I. What does machine learning mean for the Internet of Things?
1. Make the data useful
Today's machine learning algorithms sift through datasets in a way that humans cannot do. The continued growth of the Internet of Things (IoT) is estimated to reach a peak value of $160 million by 2021, meaning that even more algorithms will be needed to keep pace with the corresponding surge in data.
As ABI Research points out, recent advances in machine learning have enabled predictive analytics, meaning businesses that adopt these algorithms can better predict future market trends and more successfully target future customers.
2. Make the Internet of Things more secure
Machine learning is not only used by businesses or innovators, but also for security purposes, with machine learning algorithms already being used to combat cyber threats.
Like data analytics, machine learning algorithms can greatly aid cybersecurity analysis. Whether it's helping to solve labor shortages in industries, attracting top-tier human capital to meet the needs of affluent clients, or finding and closing IoT vulnerabilities, machine learning is a huge boon to the security industry.
The range of operations these algorithms can handle is also noteworthy. Machine learning can be used to more effectively monitor data exchanges, such as Bitcoin mining, and it can also analyze historical data to predict threats and criminal activities even before events occur.
II. Common Mistakes Made by Enterprises in Applying Machine Learning
1: Overly complex machine learning functions
To train for basic unstructured content use cases, organizations can potentially use machine learning tools that require large amounts of data. Validated machine learning tools, which incorporate advanced algorithms, can be trained on small datasets and fully deployed to production within hours, unlike starting a project with hundreds of thousands of documents on a single sample set, which could take weeks or even months.
2: Over-reliance on Robotic Process Automation (RPA)
Robotic Process Automation (RPA) is highly regarded for its ability to improve efficiency by connecting to existing systems and external data sources. It can be deployed quickly, its digital workers are easy to configure, and once in place, they can perform tasks much like humans. The biggest difference between RPA and machine learning techniques is that RPA focuses on repetitive, structured tasks, while machine learning aims to understand both structured and unstructured content. RPA requires machine learning techniques to provide its digital workers with intelligent content, thereby giving them cognitive skills to extract useful information and gain intelligence, learn from various forms of content, grasp the meaning and intent of documents, and increase decision-making capabilities.
3: Assuming they know where to apply machine learning techniques.

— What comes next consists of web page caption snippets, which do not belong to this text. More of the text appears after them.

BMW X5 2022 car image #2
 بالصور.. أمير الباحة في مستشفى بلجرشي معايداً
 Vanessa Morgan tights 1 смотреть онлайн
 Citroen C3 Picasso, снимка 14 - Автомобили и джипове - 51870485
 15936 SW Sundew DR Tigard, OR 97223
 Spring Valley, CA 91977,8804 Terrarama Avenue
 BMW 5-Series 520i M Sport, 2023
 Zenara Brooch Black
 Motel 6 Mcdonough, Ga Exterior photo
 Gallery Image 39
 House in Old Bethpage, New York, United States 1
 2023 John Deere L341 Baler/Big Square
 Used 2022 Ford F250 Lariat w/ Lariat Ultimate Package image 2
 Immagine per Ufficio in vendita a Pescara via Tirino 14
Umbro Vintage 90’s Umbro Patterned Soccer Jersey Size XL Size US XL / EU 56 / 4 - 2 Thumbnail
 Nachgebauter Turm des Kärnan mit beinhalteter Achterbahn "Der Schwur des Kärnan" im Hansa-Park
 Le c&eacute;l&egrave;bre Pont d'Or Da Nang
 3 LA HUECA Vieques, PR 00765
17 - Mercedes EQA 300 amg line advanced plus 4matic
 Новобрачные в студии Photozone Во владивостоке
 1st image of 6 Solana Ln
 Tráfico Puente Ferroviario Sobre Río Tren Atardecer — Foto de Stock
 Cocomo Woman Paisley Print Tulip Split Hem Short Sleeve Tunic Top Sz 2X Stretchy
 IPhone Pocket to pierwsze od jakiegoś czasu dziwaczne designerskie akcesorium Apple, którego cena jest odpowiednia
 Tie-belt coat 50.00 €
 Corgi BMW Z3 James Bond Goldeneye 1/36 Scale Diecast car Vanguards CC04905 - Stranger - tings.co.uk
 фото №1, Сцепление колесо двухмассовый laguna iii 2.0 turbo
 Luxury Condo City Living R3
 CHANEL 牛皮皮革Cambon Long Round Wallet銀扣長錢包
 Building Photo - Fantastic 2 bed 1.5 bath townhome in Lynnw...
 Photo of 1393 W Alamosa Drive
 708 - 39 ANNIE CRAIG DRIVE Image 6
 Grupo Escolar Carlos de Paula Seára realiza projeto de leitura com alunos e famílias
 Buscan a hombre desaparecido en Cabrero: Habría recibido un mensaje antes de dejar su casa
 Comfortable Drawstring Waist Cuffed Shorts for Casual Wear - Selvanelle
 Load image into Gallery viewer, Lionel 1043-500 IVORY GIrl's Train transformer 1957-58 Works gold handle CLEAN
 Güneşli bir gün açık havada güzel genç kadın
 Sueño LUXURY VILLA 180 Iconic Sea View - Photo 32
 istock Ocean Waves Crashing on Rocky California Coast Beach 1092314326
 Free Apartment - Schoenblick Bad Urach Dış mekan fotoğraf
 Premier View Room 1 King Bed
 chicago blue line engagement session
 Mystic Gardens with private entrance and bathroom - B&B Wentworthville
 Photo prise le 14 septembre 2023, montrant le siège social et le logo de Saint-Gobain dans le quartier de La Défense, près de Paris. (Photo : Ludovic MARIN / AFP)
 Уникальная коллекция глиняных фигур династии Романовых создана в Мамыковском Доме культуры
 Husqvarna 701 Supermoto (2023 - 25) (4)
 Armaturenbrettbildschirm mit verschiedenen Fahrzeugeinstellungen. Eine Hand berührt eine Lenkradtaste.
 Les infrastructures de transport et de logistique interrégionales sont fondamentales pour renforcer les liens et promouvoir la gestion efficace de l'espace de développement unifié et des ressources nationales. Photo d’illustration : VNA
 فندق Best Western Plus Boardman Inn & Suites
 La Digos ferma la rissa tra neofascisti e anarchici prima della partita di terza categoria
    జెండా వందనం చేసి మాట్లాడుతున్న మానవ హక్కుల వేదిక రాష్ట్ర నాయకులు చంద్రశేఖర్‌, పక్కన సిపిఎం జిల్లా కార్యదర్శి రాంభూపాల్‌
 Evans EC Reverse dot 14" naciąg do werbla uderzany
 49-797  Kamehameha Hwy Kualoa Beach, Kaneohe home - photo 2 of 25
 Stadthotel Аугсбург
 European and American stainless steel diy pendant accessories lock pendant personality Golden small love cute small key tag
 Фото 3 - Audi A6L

When launching automation projects, businesses don't always choose the right processes to start. This is because many companies are fragmented in their knowledge of organizational processes. Furthermore, senior management is not involved in day-to-day workflows, and process documentation is lacking, making it increasingly difficult to truly identify which processes are ready for automation. Integrating process intelligence before a project begins will give businesses a comprehensive understanding of where to apply Robotic Process Automation (RPA) and machine learning solutions, as well as their expected value and savings for the organization—all based on data, not opinions or biases.
4: Missing out on high-value business cases
Typically, businesses rely on routine knowledge and choose tasks that occur frequently because they seem to yield good results. However, this ad-hoc approach to process selection may overlook other business opportunities that offer better ROI. While starting with areas that have minimal disruption to the organization or minimal impact on end-user interactions is perfectly acceptable, it's important to remember how to quickly and easily "land and scale" machine learning across the entire organization.